Good questions.
I'd like to point out that there seems to be some mental accounting here, which is to say that the possible harm of nicotine is easily justified by confining it to the health bucket - it's outweighed by the health benefits supposedly obtained.
I'll add that the primary reasons that I happen to have a supply of nicotine patches and lozenges are in the other benefits that it can supply if used carefully (and, in particular, with cycling). The biggest downsides to nicotine can be associated with the usual delivery mechanism. There are other downsides too, which are mostly those that come with stimulants (vasoconstriction, increased blood pressure). These are things that can be managed and balanced. There are positive studies on the effectiveness of nicotine in treating conditions like ADHD, with drastic improvements in focus and motivation. I do not swear by it but it is something I keep in my arsenal.
Would you be willing to go outside the health bucket and apply the same technique to paying bills (which incidentally is the ultimate Ugh field for most people)
Bills are not a problem for me. I get them, I click a few buttons on my computer and they are gone. I don't think nicotine (via this delivery mechanism) would be especially effective for bill paying unless you think of a way to form the process into a habit or ritual that nicotine can enhance the learning of. I suppose you could use the direct reinforcement mechanism if you delivered nicotine via gum or via an inhalant form.
or studying? I understand this is a personal choice of sorts, just curious about your thinking.
Absolutely.

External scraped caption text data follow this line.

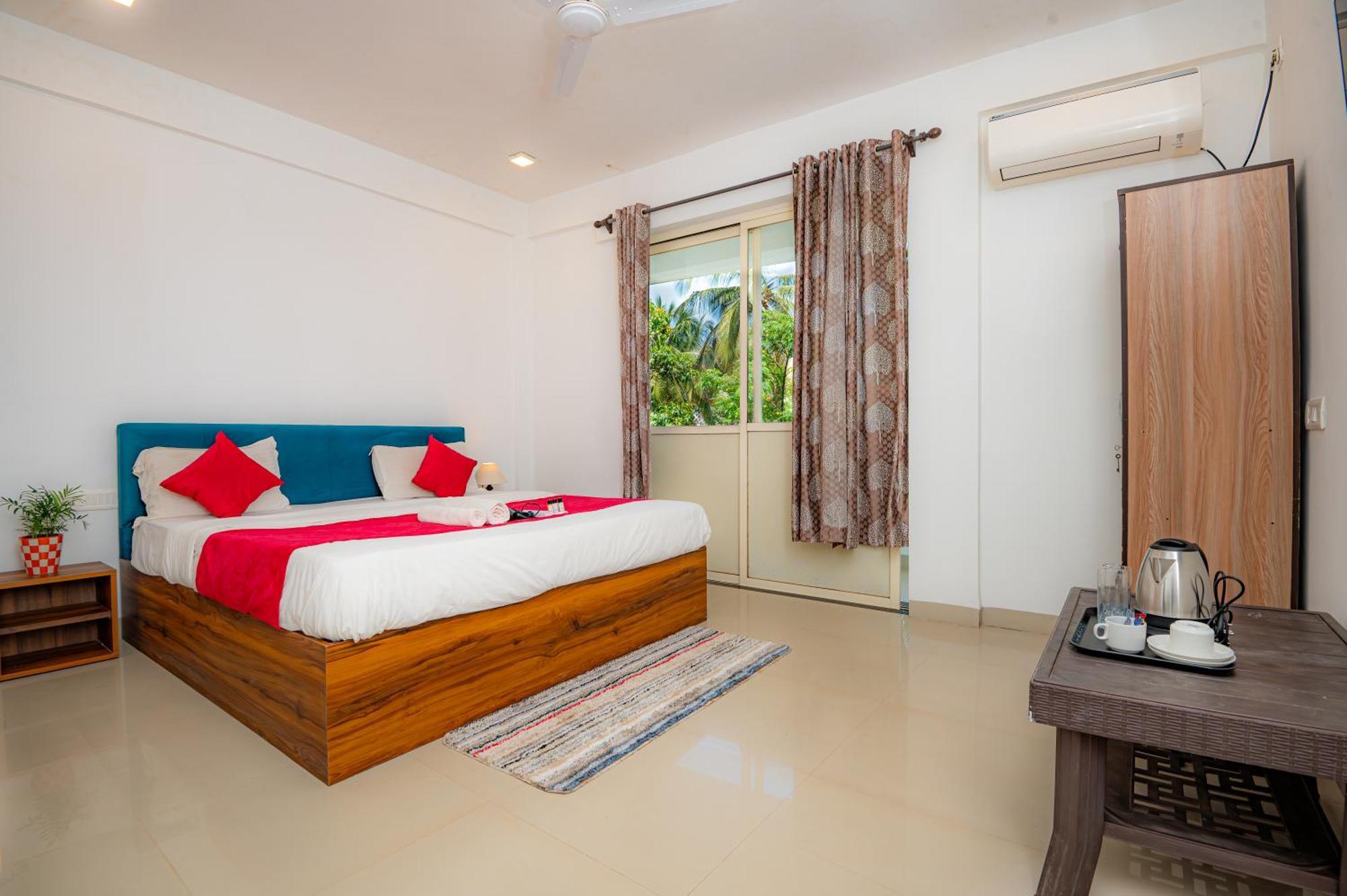 Morjim Sea Waves-Beach Front Hotel Экстерьер фото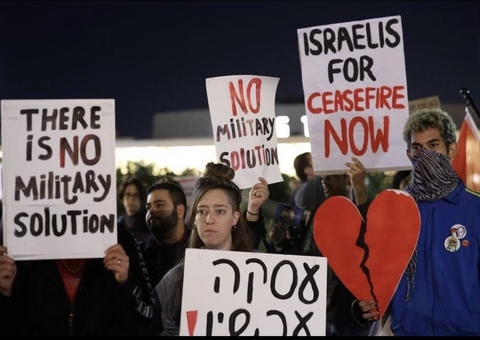 Israelenses protestam em Tel Aviv após exército matar três reféns por engano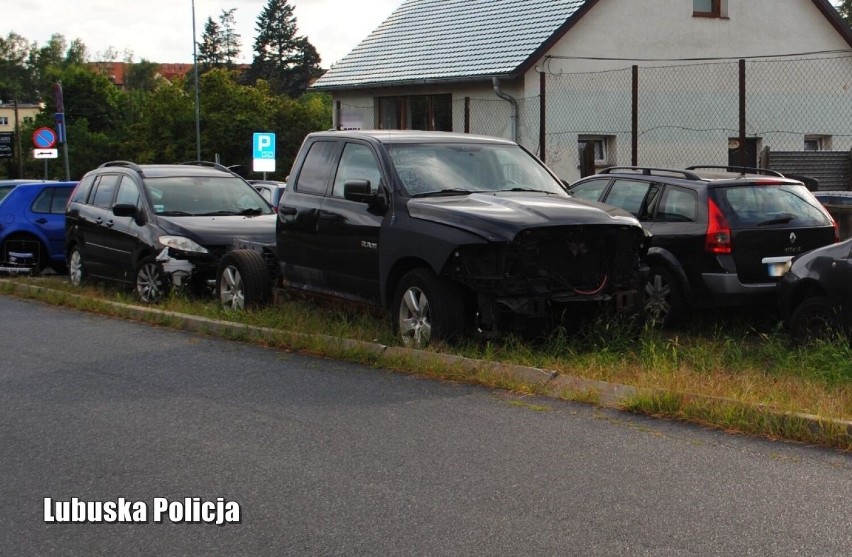 Podejrzani postanowili uciąć sobie popołudniową drzemkę w...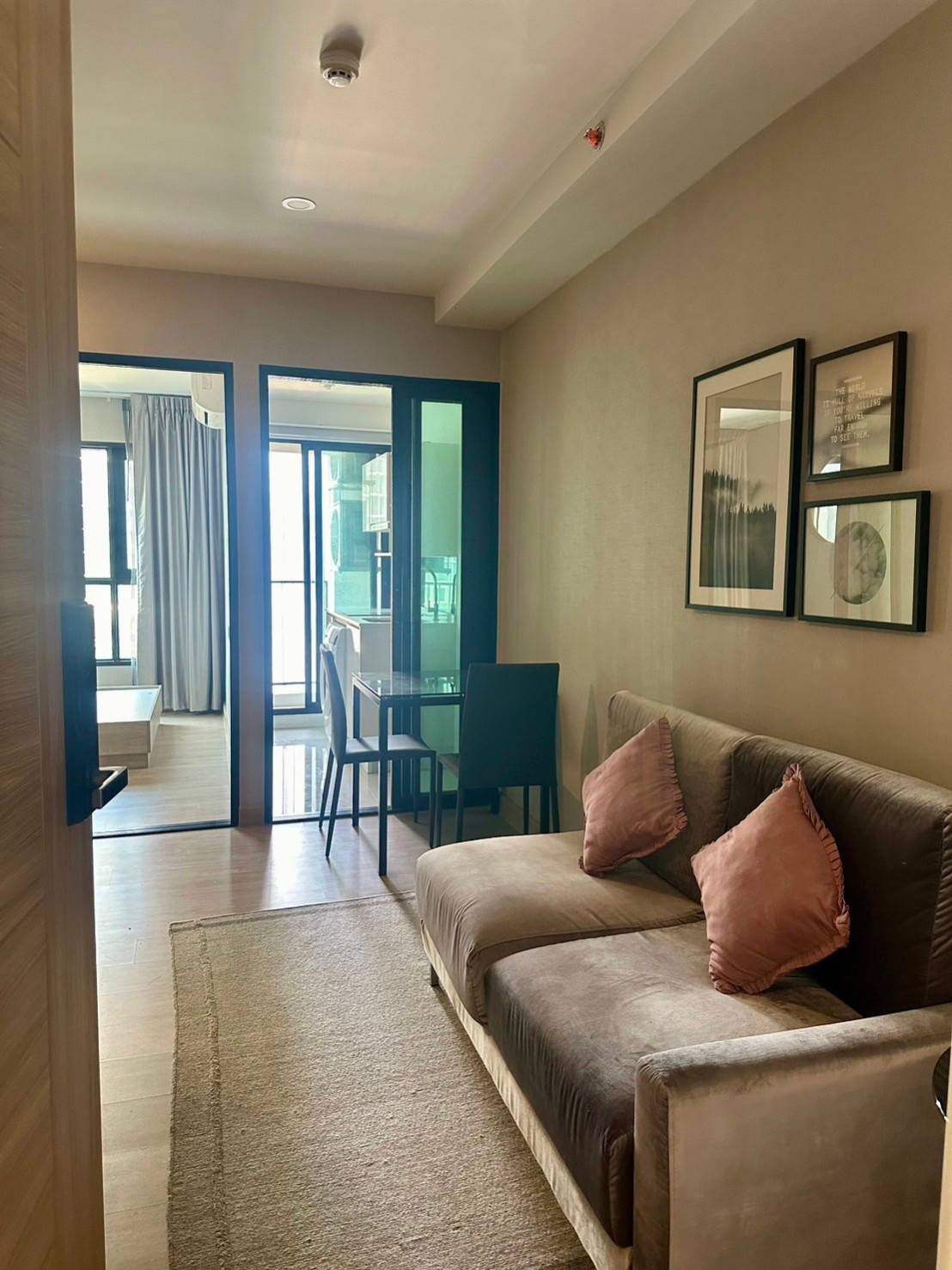 ขาย /เช่า (For Sale/Rent) คอนโด : ไนท์บริดจ์ ติวานนท์ Knightsbridge Duplex Tiwanon ประเภท : 1 ห้องนอน 1 ห้องน้ำ พื้นที่ : 28.8 ตรม.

And I do use nicotine for studying at times (usually patches that I have cut into the desired dose). Partly for learning mental habits and partly for enhanced focus and motivation without the agitation that comes (with methamphetamine (at least, for me). Again, I don't swear by it but it works.
And I do use nicotine for studying at times (usually patches that I have cut into the desired dose).
Is the dosing based on experience or did you invest into some basic pharmacology studies? Also, what's your criteria for patch vs. lozenge?
Unsurprisingly related to: Ugh fields.
If I had to choose a single piece of evidence off of which to argue that the rationality assumption of neoclassical economics is totally, irretrievably incorrect, it's this article about financial incentives and medication compliance. In short, offering people small cash incentives vastly improves their adherence to life-saving medical regimens. That's right. For a significant number of people, a small chance at winning $10-100 can be the difference between whether or not they stick to a regimen that has a very good chance of saving their life. This technique has even shown promise in getting drug addicts and psychiatric patients to adhere to their regimens, for as little as a $20 gift certificate. This problem, in the aggregate, is estimated to cost about 5% of total health care spending -$100 billion - and that may not properly account for the utility lost by those who are harmed beyond repair. To claim that people are making a reasoned decision between the payoffs of taking and not-taking their medication, and that they be persuaded to change their behaviour by a payoff of about $900 a year (or less), is to crush reality into a theory that cannot hold it. This is doubly true when you consider that some of these people were fairly affluent.
A likely explanation of this detrimental irrationality is something close to an Ugh field. It must be miserable having a life-threatening illness. Being reminded of it by taking a pill every single day (or more frequently) is not pleasant. Then there's the question of whether you already took the pill. Because if you take it twice in one day, you'll end up in the hospital. And Heaven forfend your treatment involves needles. Thus, people avoid taking their medicine because the process becomes so unpleasant, even though they know they really should be taking it.
As this experiment shows, this serious problem has a simple and elegant solution: make taking their medicine fun. As one person in the article describes it, using a low-reward lottery made taking his meds "like a game;" he couldn't wait to check the dispenser to see if he'd won (and take his meds again). Instead of thinking about how they have some terrible condition, they get excited thinking about how they could be winning money. The Ugh field has been demolished, with the once-feared procedure now associated with a tried-and-true intermittent reward system. It also wouldn't surprise me the least if people who are unlikely to adhere to a medical regimen are the kind of people who really enjoy playing the lottery.
This also explains why rewarding success may be more useful than punishing failure in the long run: if a kid does his homework because otherwise he doesn't get dessert, it's labor. If he gets some reward for getting it done, it becomes a positive. The problem is that if she knows what the reward is, she may anchor on already having the reward, turning it back into negative reinforcement - if you promise your kid a trip to Disneyland if they get above a 3.5, and they get a 3.3, they feel like they actually lost something. The use of a gambling mechanism may be key for this. If your reward is a chance at a real reward, you don't anchor as already having the reward, but the reward still excites you.
I believe that the fact that such a significant problem can be overcome with such a trivial solution has tremendous implications, the enumeration of all of which would make for a very unwieldy post. A particularly noteworthy issue is the difficulty of applying such a technique to one's own actions, a problem which I believe has a fairly large number of workable solutions. That's what comments, and, potentially, follow-up posts are for.